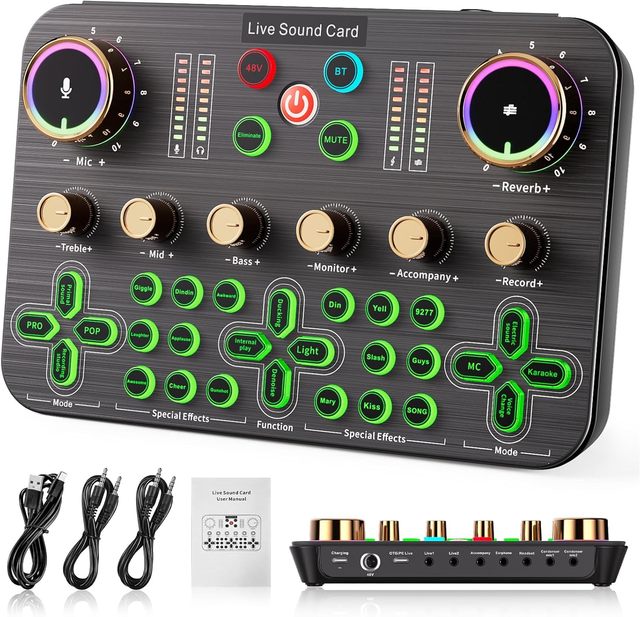 Hot Selling Professional Recording Studio Microphone Set Live Sound Card Remote Control 1 Year Warranty Top Consumer Electronics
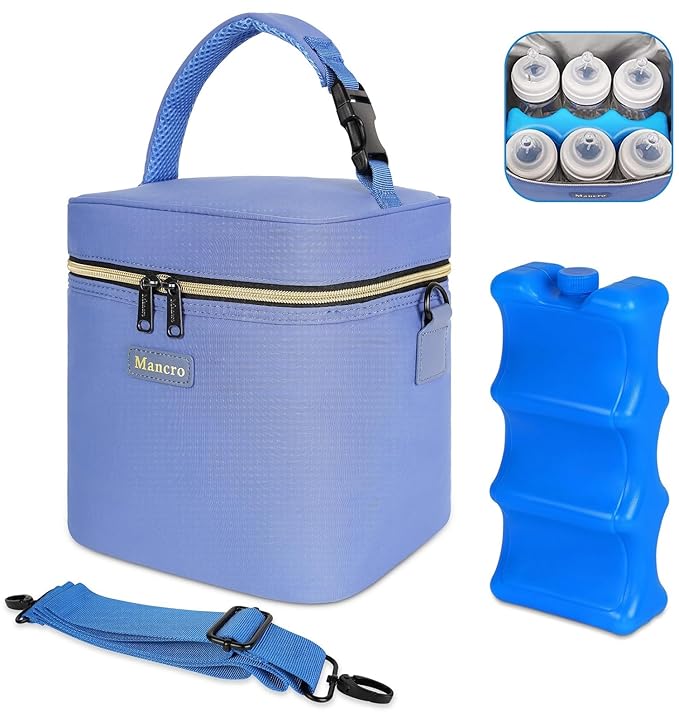 Mancro Breastmilk Cooler Bag with Ice Pack Fits 6 Baby Bottles Up to 9 Ounce, Insulated Baby Bottle Bag with Strap for Nursing Mom Daycare, Blue
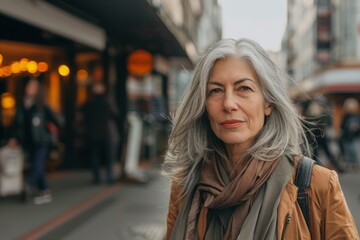 Fototapeta premium Portrait of a beautiful middle-aged woman with gray hair in the city.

━━━━━━━━━━━━━━━━━━━━━━━━━━━━━━

TASK
Exact repetition is the task: every line from the start of the data to the line with "Mancro Breastmilk Cooler", inclusive, and none after it, pictures omitted.

RESULT FOR THIS EXERCISE
 Hot Selling Professional Recording Studio Microphone Set Live Sound Card Remote Control 1 Year Warranty Top Consumer Electronics
 Mancro Breastmilk Cooler Bag with Ice Pack Fits 6 Baby Bottles Up to 9 Ounce, Insulated Baby Bottle Bag with Strap for Nursing Mom Daycare, Blue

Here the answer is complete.